Totally. Every time some one would ask me and we would get into this war of words, or Brett said this, and I'd have something to come back with, he'd come back with something, but at the end of the day, he's still the guy I spent fifteen years of my life being out on the road with, experiencing things that only band mates can experience. So you're no longer just buds from the valley, you are family. I've spent more time with these guys than I have with my own children. That's pretty radical, that's a pretty heavy thing to say, and I don't say it proudly, I say it factually. So even though we seem to be in a problematic world with each other, it didn't make the reality go away that we're really family no matter what.
And that probably comes across best on this record. The previous records seemed a bit processed and forced.
You know what I think? Stranger than Fiction was a great record, but I think in a sense, it was a great record for Brett.
He wrote all the singles.
He wrote all the singles. In a sense, that was the record he wrote and retired on.
The one he could walk off on?
Right. Fuck it, I did it and I'm out of here, and I can hold my head up, which was great. I think Gregg did an amazing job with the Gray Race, and Brian Baker brought an arnazing amount of guitar work to that album as well. I think Brian stepped up as the new guy, not trying to write new songs, but bringing a lot of new talent and there's some ideas that Gregg would not have thought of on his own. I think that album is a sleeper, and people will go back and go, that is a great fucking record. No Substance, what can five guys do in the studio given an insane amount of time and nothing better to do? That's what that record was. That's a fact. I don't mean that as a slag, that's a reality.
But the Gray Race b-sides, like "The Dodo," are great.
Fucking great. The choruses are weak, but the beginning and the verse of the Dodo is arnazing, but the reason that song failed is because the chorus was weak. Once that, "It's the way of the Dodo" kicked in, it was like no, you lost me there, because you had me going with that "I see a white haired man, he's got a suit on him..." and I'm going with it, then it opens up into this fruity melodic thing, and it's like, that's too bad. Sorry. Next. But that's why it goes away. The one song that I think of when I think of songs that are b-sides, well, I think there's two songs now, but I think that "The Fast Life" is a great song that did not go on the record, and "News From the Front" from Stranger Than Fiction. Those were two great songs. And Andy Wallace, when he heard that "News from the Front" hadn't made it on the record said, you've got to be joking. I just looked at him and said, unfortunately, it's not. We say that till this day, "Oh, you're joking."

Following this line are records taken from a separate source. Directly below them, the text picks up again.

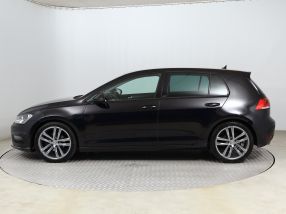 Volkswagen Golf - 2016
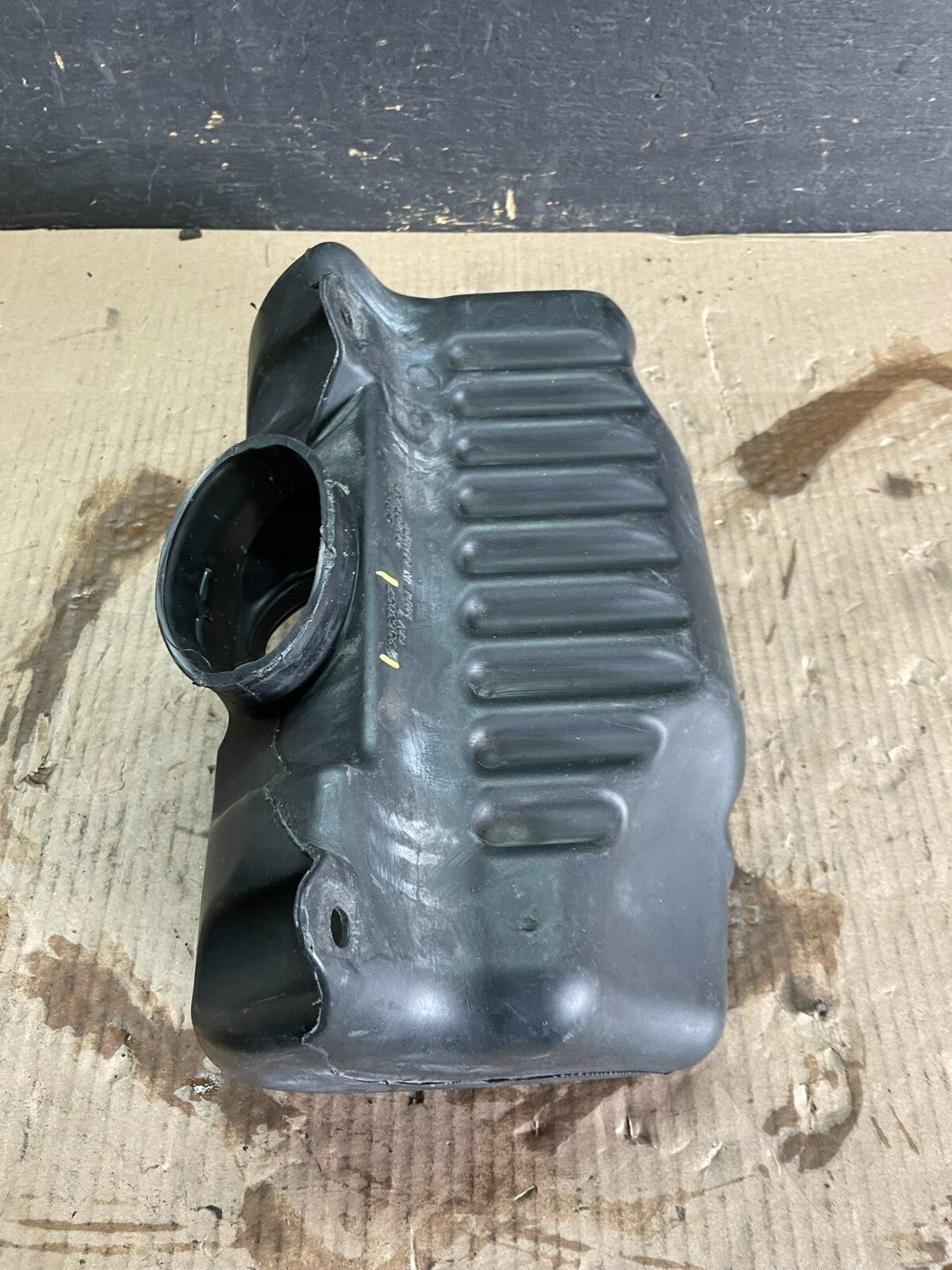 1998 to 2002 Chevrolet Camaro Air Cleaner Intake Cover Panel M8973 DG6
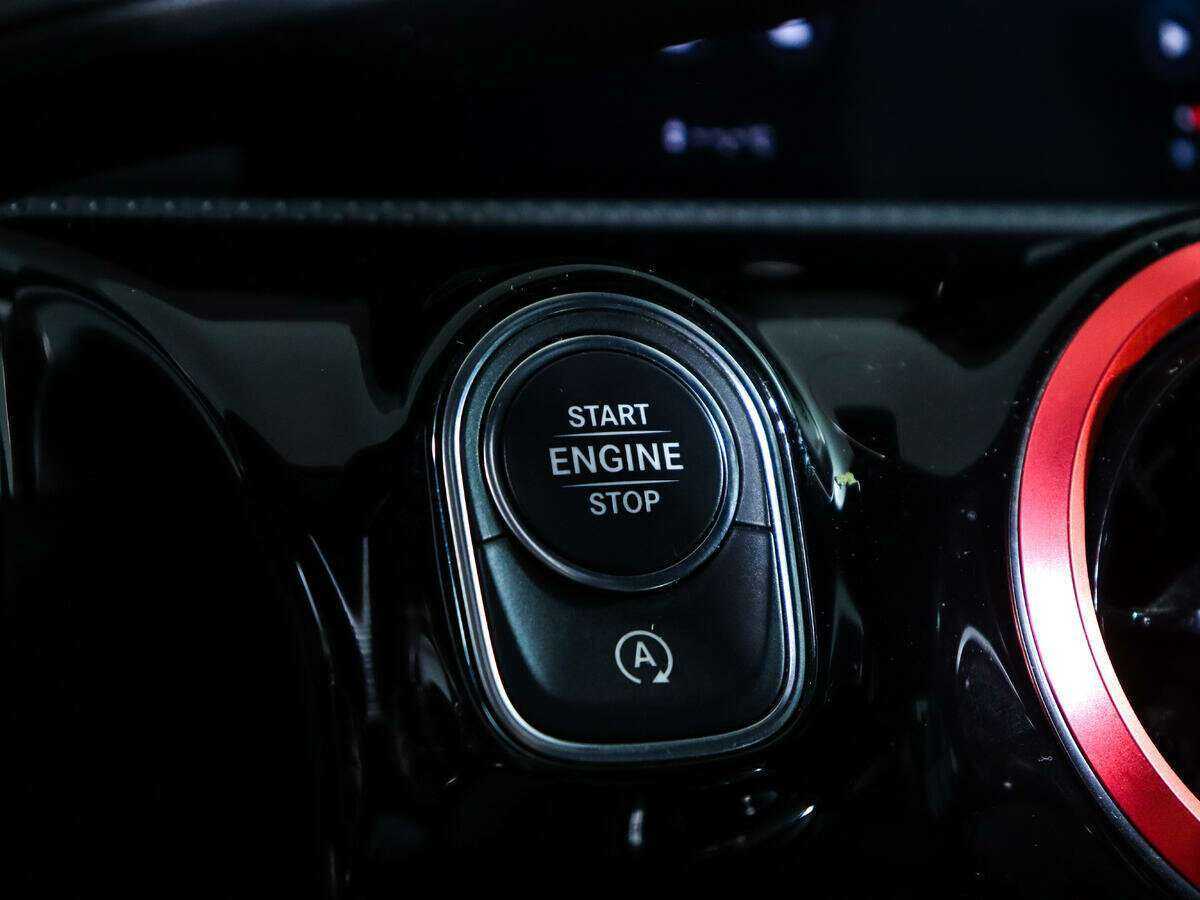 Б/У Мерседес-Бенц А-Класс 2020 года. Фото: #18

You could have sold another million copies!
I don't know about that, but I thought that it was a great song.
It's for the box set.
We've tried to generally put everything we've recorded out somewhere. I think there's maybe three songs at most that kind of disappeared, that we played a couple of times, but we didn't record them.
There are so many bands that hide things in the vaults, and you have to wait for bootlegs.
Trust me, I think people have this impression that we make these albums...
You recorded sixty songs, but only released twenty!
No, you just throw everything out there that you can. I think that some of the songs, well like on this album, I think there's two or three songs that didn't go on this one, one of them because Brett didn't like the way it came out, and he wrote it. He goes, I didn't like the way turned out, and I want to save it, and I don't want to put it out anywhere, but try it again later. Try again on the next record and see if we can't do it better. I kind of thought, that was part of that next record discussion we were having, and I laughed and said, I like the optimism, the idea that we will be making a next record. So, we already have a song (laughs). That's one down. I'm not really thinking about that at all. I'm not really thinking about anything right now.
And that's a good place?
Yes, it is. I don't think about anything.